In [1]:
import torch 
import torch.nn as nn
import torch.nn.functional as F
import torchvision
import torchvision.transforms as transforms
import matplotlib.pyplot as plot
import numpy as np

In [2]:
#Device configuration 
device = torch.device('cuda' if torch.cuda.is_available() else 'cpu')


In [3]:
#hyper parameters
num_epochs = 5
batch_size = 4
learning_rate = .001


In [4]:
#dataset has PILIImage images of range [0,1]
#Transform to Tensors of normalized range [-1,1]
transform = transforms.Compose(
    [transforms.ToTensor(), 
     transforms.Normalize((.5, .5, .5), (.5, .5, .5))])


In [5]:
train_dataset = torchvision.datasets.CIFAR10(root = './data', train=True, download = True, transform = transform)

test_dataset = torchvision.datasets.CIFAR10(root = './data', train=False, download = True, transform = transform)

train_loader = torch.utils.data.DataLoader(train_dataset, batch_size = batch_size, shuffle = True) 

test_loader = torch.utils.data.DataLoader(test_dataset, batch_size = batch_size, shuffle = True) 


Downloading https://www.cs.toronto.edu/~kriz/cifar-10-python.tar.gz to ./data/cifar-10-python.tar.gz


  0%|          | 0/170498071 [00:00<?, ?it/s]

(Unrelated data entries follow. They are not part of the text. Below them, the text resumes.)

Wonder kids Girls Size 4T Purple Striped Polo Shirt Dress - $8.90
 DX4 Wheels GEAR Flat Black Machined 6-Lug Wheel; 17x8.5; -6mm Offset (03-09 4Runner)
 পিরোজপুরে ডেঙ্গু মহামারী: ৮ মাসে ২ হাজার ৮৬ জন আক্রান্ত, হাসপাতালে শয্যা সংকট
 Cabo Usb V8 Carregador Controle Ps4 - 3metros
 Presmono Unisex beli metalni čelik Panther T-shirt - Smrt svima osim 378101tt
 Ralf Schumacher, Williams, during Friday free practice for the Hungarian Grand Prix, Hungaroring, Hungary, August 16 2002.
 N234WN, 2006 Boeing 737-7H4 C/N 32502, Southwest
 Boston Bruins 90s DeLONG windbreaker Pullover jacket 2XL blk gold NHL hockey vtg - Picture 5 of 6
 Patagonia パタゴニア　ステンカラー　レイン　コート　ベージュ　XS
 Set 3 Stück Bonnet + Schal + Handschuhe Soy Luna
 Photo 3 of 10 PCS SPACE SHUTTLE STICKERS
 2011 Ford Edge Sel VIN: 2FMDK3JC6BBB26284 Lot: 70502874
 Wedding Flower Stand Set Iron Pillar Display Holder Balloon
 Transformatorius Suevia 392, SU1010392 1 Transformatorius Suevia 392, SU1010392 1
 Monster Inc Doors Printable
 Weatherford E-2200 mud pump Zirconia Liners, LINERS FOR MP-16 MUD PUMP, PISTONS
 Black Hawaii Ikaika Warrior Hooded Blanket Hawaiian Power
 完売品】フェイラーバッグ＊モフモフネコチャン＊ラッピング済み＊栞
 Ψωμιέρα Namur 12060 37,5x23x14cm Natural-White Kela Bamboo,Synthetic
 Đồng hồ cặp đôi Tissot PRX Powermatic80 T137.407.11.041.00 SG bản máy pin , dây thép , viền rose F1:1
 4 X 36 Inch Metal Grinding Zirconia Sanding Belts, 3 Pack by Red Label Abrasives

Extracting ./data/cifar-10-python.tar.gz to ./data
Files already downloaded and verified


In [6]:
classes = ('plane', 'car', 'bird', 'cat', 'deer', 'dog', 'frog', 'horse', 'ship', 'truck')

In [7]:
#implement conv net 
class ConvNet(nn.Module):
  def __init__(self):
    super(ConvNet, self).__init__()
    self.conv1 = nn.Conv2d(3,6, 5 ) #3 First conv layer: input color channel, 6 output color channel, 5 kernel size
    self.pool = nn.MaxPool2d(2,2) #2x2 kernel size, and stride of 2 
    self.conv2 = nn.Conv2d(6, 16, 5) #second conv layer; input channel must be = to the output channel of the previous convolutional layer 
    self.fc1 = nn.Linear(16*5*5, 120) #fully connected layer; try 120 output
    self.fc2 = nn.Linear(120, 84) #fully connected layer; 120 input features; 84 output features 
    self.fc3 = nn.Linear(84, 10) #fully connected layer; 10 outputs because of 10 classes

    #16*5*5 & 10 are fixed... the rest can be experimented with 
    #16*5*5 comes from flatteniign the 3D tensor that is output from the convolutional layers, to a 1D layer for the fully connected linear layers
        #16x5x5 are the dimensions of the output of conv2
  def forward(self, x):
    x = self.pool(F.relu(self.conv1(x))) #first conv and pooling layer 
    x = self.pool(F.relu(self.conv2(x))) #second conv and pooling layer 
    x = x.view(-1, 16*5*5) #flatten
    x = F.relu(self.fc1(x)) #first fully connected layer + activation function
    x = F.relu(self.fc2(x)) #second fully connected layer + activation function
    x = self.fc3(x)  #3rd fully connected layer, no activation function
    return x

    #no softmax function because this is included in our criterion defined below 
  





In [8]:
model = ConvNet().to(device)

In [9]:
criterion = nn.CrossEntropyLoss()
optimizer = torch.optim.SGD(model.parameters(), lr = learning_rate)

In [10]:
#Training
n_total_steps = len(train_loader)
for epoch in range(num_epochs):
  for i, (images, labels) in enumerate(train_loader):
    #original shape: [4,3,32,32] = 4,3,1024
    #input_layer: 3 input channels, 6 output channels, 5 kernel size
    images = images.to(device)
    labels = labels.to(device)

    #Forward Pass
    outputs = model(images)
    loss = criterion(outputs, labels)

    #Backward and optimize
    optimizer.zero_grad()
    loss.backward()
    optimizer.step()

    if(i+1) % 2000 == 0:
      print(f'Epoch [{epoch+1}/{num_epochs}], Step [{i+1}/{n_total_steps}], Loss: {loss.item():.4f}')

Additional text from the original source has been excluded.